**INSTRUCTIONS FOR THE TASK**
Copy the lines below exactly, starting at the one with "Bright bathroom featuring" and ending at the one with "Rear view of", and leave out any picture.

**DATA FOR ANALYSIS**
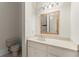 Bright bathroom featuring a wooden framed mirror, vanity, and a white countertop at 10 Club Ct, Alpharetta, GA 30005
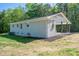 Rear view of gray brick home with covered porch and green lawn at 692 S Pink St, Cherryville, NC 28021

* * *

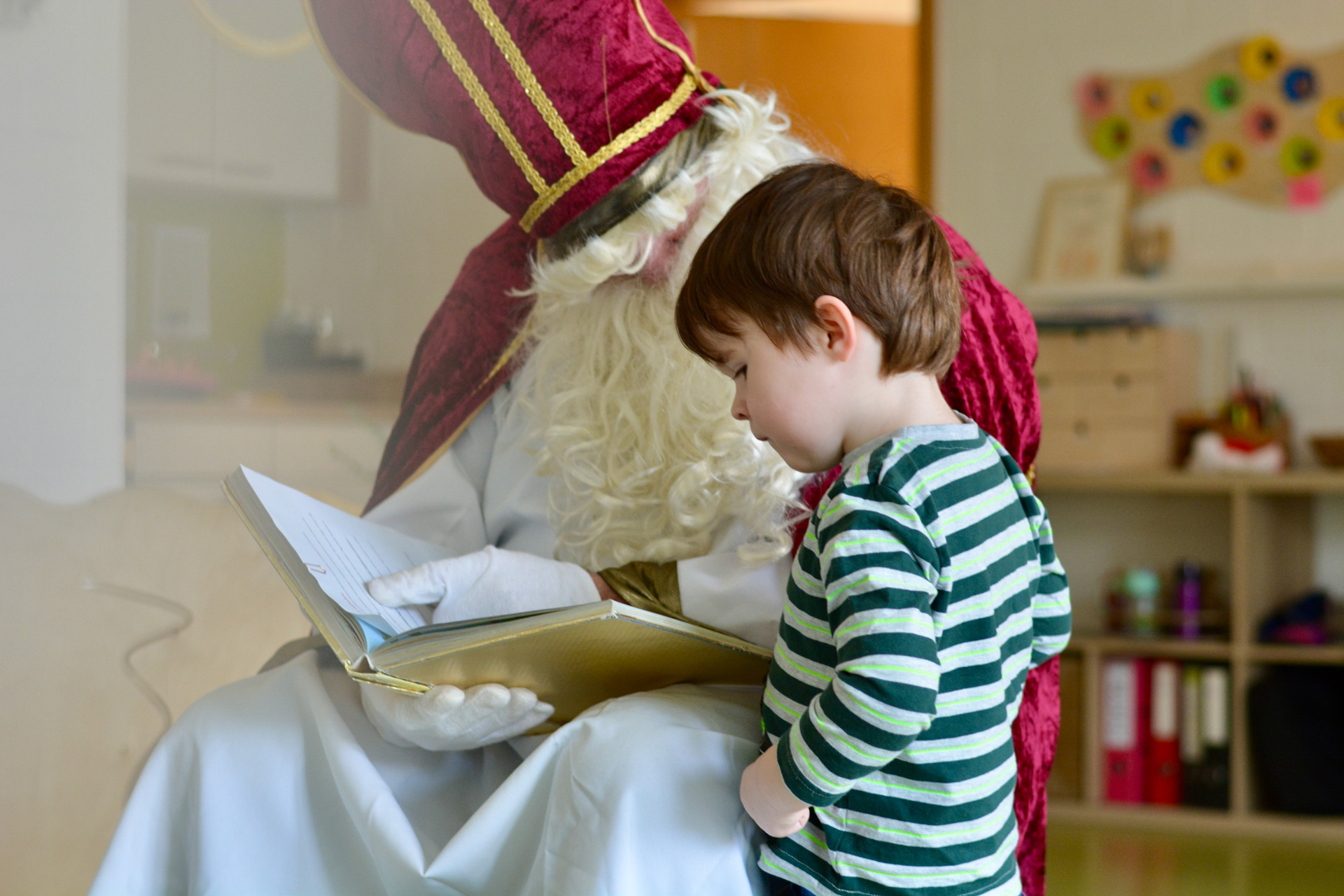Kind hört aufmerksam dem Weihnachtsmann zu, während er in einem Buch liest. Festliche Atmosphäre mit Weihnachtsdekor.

**RESPONSE TO THIS EXERCISE**
 Bright bathroom featuring a wooden framed mirror, vanity, and a white countertop at 10 Club Ct, Alpharetta, GA 30005
 Rear view of gray brick home with covered porch and green lawn at 692 S Pink St, Cherryville, NC 28021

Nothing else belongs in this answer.